Survivors of the brutal terrorist attack on satirical magazine Charlie Hebdo hope to print 1m copies of their next issue.
Despite the killing of most of its senior journalists, the publication’s lawyer Richard Malka said the surviving staff were going to put out an eight-page issue instead of its usual 16-page run of 60,000.
Charlie Hebdo columnist Dr Patrick Pelloux emotionally told French TV channel i@Tele that the magazine would continue, as not doing so would mean the killers had won.
Quietly crying, the emergency doctor added that although it would be very difficult to produce the issue, “stupidity will not win”.
Paying tribute to his colleagues, Pelloux said they were “extraordinary” men and women who were fired at in the middle of an editorial conference.
He said he was at a meeting of firefighters a short distance from the Charlie Hebdo offices when he received a call from one of the paper’s graphic designers to say he was needed.
Describing what it felt like to be one of the first emergency workers on the scene, Pelloux said: “It was horrible. Horrible. Many of them were already gone, because they were gunned down execution-style.
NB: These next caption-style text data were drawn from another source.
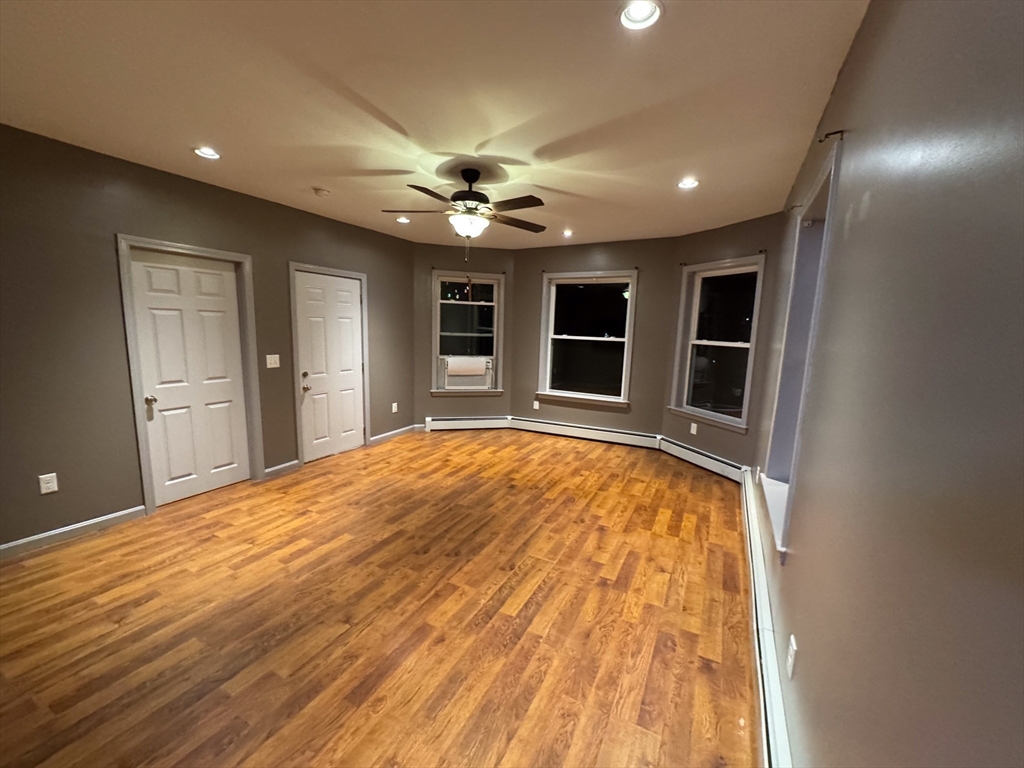 20 Vivian St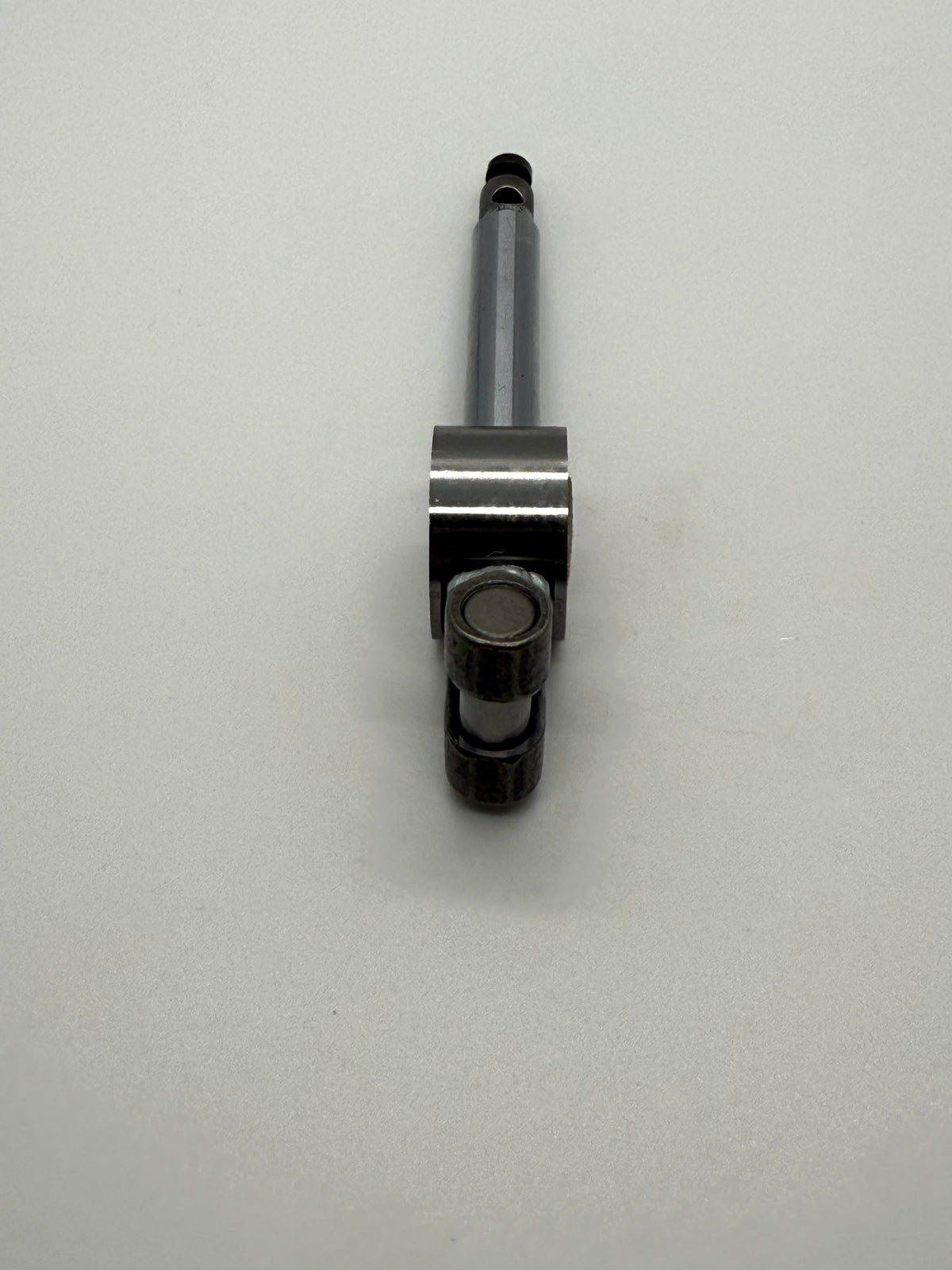Upper Looper Holder Good - Industrial Sewing Machine Part 118-31617 B2512-804-OAO 132-24308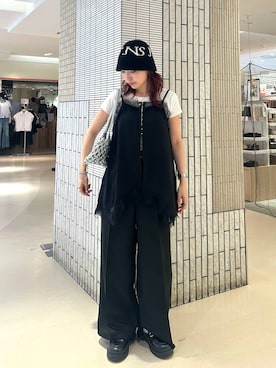 「PAGEBOY（ページボーイ）の【Casselini】メタリックショルダーバッグ（ショルダーバッグ、シルバー系）」を使った、fokanon0622さん（レディース・157cm）の春コーディネート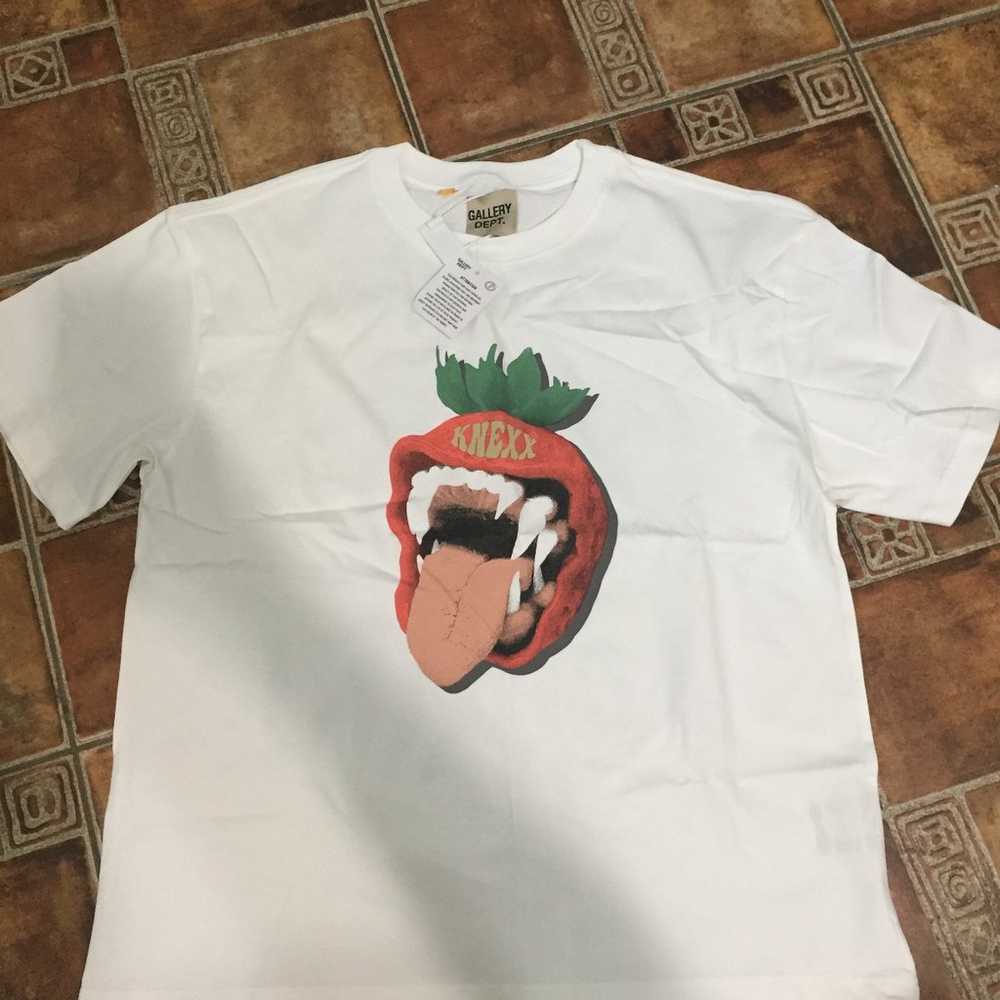 Gallery dept strawberry t-shirt size M - image 1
We managed to save others.
“I came here to tell you that the paper’s going to continue, because they haven’t won.”
He added that there was no hate towards Muslims, but everyone had to work to keep the values of the Republic alive.
After the massacre, the newspaper’s website displayed no content apart from a black page with white text reading ‘Je Suis Charlie’, translated into many other languages, including Arabic.
It is believed that, for the next issue, €250,000 will be taken from a press diversity fund managed by French editors, while it is thought that Google will also give an as-yet-undisclosed sum.